Distribution of the number of trials required for the first occurrence of the event 50 S containing at least one SSSSS.

Solution 1:

This answer is a generating function approach based upon the Goulden-Jackson Cluster Method. We will show for $5\leq r\leq k$: \begin{align*} \color{blue}{P(M_r=k)}&\color{blue}{=\left(\sum_{j\geq 1}(-1)^{j+1}\binom{k-r+1}{j}\binom{k-5j}{k-r}\right.}\\ &\qquad\color{blue}{\left.-\sum_{j\geq 1}(-1)^{j+1}\binom{k-r}{j}\binom{k-1-5j}{k-1-r}\right)p^rq^{k-r}}\tag{1} \end{align*} where the sums in (1) are finite since $\binom{s}{t}=0$ for integral $0<s<t$.

First step: A generating function

We consider the set of words of length $k\geq 0$ built from an alphabet $$\mathcal{V}=\{S,F\}$$ and the set $B=\{SSSSS\}$ of bad words, which are not allowed to be part of the words we are looking for in a first step. We will derive a generating function $G(z)$ where $[z^k]G(z)$, the coefficient of $z^k$ of $G(z)$ gives the number of binary words of length $k$ which do not contain $SSSSS$.

Since we want the number of words which do contain $SSSSS$, we take the generating function of all binary words which is $1+2z+4z^2+8z^3+\cdots = \frac{1}{1-2z}$ and subtract $G(z)$ from it. This way we get $H(z) = \frac{1}{1-2z}-G(z)$.

According to the paper (p.7) the generating function $G(z)$ is \begin{align*} G(z)=\frac{1}{1-dz-\text{weight}(\mathcal{C})}\tag{2} \end{align*} with $d=|\mathcal{V}|=2$, the size of the alphabet and $\mathcal{C}$ the weight-numerator of bad words with \begin{align*} \text{weight}(\mathcal{C})=\text{weight}(\mathcal{C}[SSSSS]) \end{align*}

We calculate according to the paper \begin{align*} \text{weight}(\mathcal{C}[S^5])&=-z^5-z\cdot \text{weight}(\mathcal{C}[S^5])-\cdots-z^4\cdot\text{weight}(\mathcal{C}[S^5])\tag{3}\\ \end{align*}

and get \begin{align*} \text{weight}(\mathcal{C})=\text{weight}(\mathcal{C}[S^5])=-\frac{z^5(1-z)}{1-z^5} \end{align*}

It follows from (2) and (3):

\begin{align*} G(z)&=\frac{1}{1-dz-\text{weight}(\mathcal{C})}\\ &=\frac{1}{1-2z+\frac{z^5(1-z)}{1-z^5}}\\ &=\frac{1-z^5}{1-2z+z^6}\tag{4}\\ \end{align*}

From (4) we obtain \begin{align*} H(z) = \frac{1}{1-2z}-\frac{1+z^5}{1-2z+z^6}\tag{5} \end{align*}

Second step: A refinement

Since we are looking for the number of valid words of length $k$ which contain $50 S$ resp. $r\geq 5$ S in general, we need a refinement of $H(z)$ to keep track of the number of successes $S$. In order to do so we mark successes with $s$.

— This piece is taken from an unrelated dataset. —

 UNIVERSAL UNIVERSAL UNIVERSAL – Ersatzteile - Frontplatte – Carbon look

We obtain from (3) \begin{align*} \text{weight}(\mathcal{C}[S^5])&=-(sz)^5-(sz)\text{weight}(\mathcal{C}[S^5])-\cdots-(sz)^4\text{weight}(\mathcal{C}[S^5]) \end{align*} and get \begin{align*} \text{weight}(\mathcal{C})=-\frac{(sz)^5(1-sz)}{1-(sz)^5} \end{align*}

Using this generalized weight we obtain a generating function $H(z;s)$ \begin{align*} H(z;s)&=\frac{1}{1-(1+s)z}-\frac{1}{1-(1+s)z+\frac{(sz)^5(1-sz)}{1-(sz)^5}}\\ &=\frac{1}{1-(1+s)z}-\frac{1-(sz)^5}{1-(1+s)z+s^5z^6} \end{align*}

Third step: Words terminating with success $S$.

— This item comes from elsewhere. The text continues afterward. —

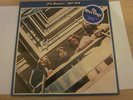The Beatles 1967-1970 on Blue Vinyl EMI recording Apple Records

The coefficient $[s^rz^k]H(z;s)$ gives the number of words of length $k$ containing exactly $r$ S with S-runs of length $5$, but not necessarily with an S at the end. To force this we subtract the words of length $k$ which contain exactly $r$ S and S-runs of S of length $5$ and terminate with $F$.

This way we get finally the wanted generating function \begin{align*} \color{blue}{H(z;s)(1-z)}&\color{blue}{=\frac{1-z}{1-(1+s)z}-\frac{\left(1-(sz)^5\right)(1-z)}{1-(1+s)z+s^5z^6}}\tag{6}\\ &=s^5z^5+(s+f)s^5z^6+\left(s^2+3sf+f^2\right)s^5z^7\\ &\qquad+\left(s^3+5s^2f+5sf^2+f^3\right)s^5z^8\\ &\qquad+\left(s^4+7s^3f+\color{blue}{12}s^2f^2+7sf^3+f^4\right)s^5z^9+\cdots \end{align*} where the last line was calculated with the help of Wolfram Alpha.

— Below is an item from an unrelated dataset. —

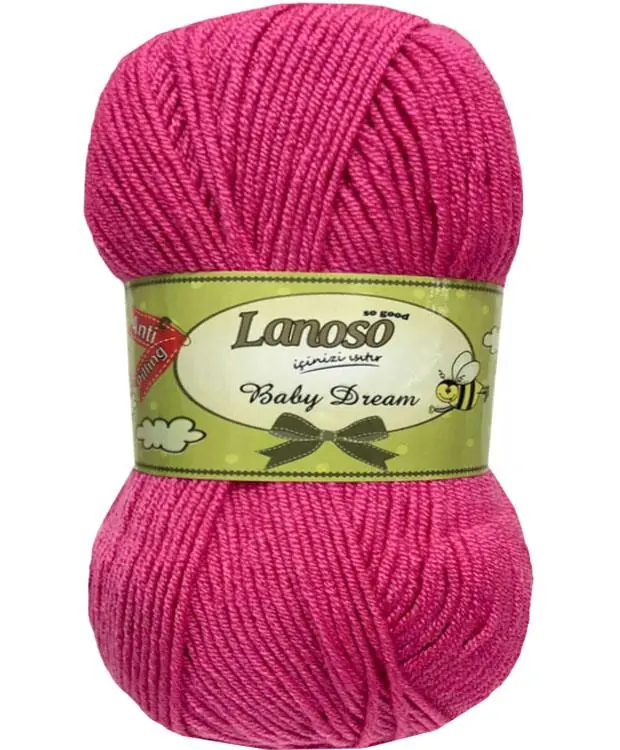 Lanoso Baby Dream 948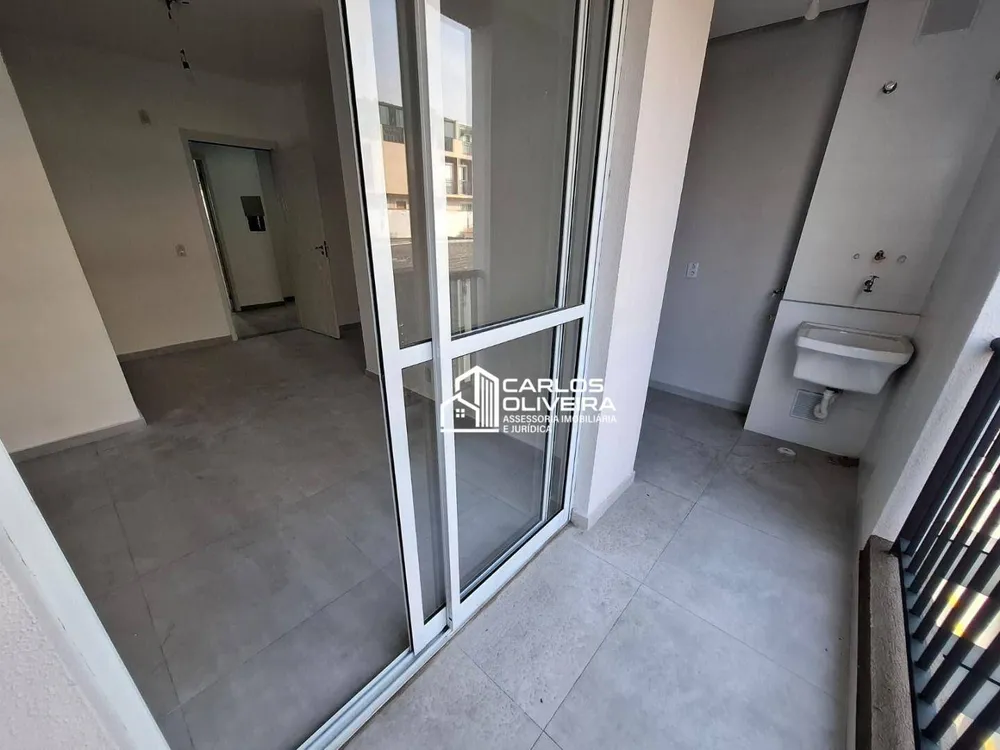 Apartamento, 2 quartos, 50 m² - Foto 8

Note the coefficients of the series correspond with the table entries stated by @GCab.

Looking for instance at the blue marked coefficient $12$ of $s^7f^2z^9$ this gives the number of words of length $9$ containing $7$ S at least one run of $5$ S and ending with S. These words are \begin{align*} \color{blue}{SSSSS}SFFS&\qquad SSFF\color{blue}{SSSSS}\\ \color{blue}{SSSSS}FSFS&\qquad SFSF\color{blue}{SSSSS}\\ \color{blue}{SSSSS}FFSS&\qquad SFFS\color{blue}{SSSSS}\\ SF\color{blue}{SSSSS}FS&\qquad FSSF\color{blue}{SSSSS}\\ FS\color{blue}{SSSSS}FS&\qquad FSFS\color{blue}{SSSSS}\\ F\color{blue}{SSSSS}FSS&\qquad FFSS\color{blue}{SSSSS} \end{align*} where the right-most run of $5$ S is marked blue.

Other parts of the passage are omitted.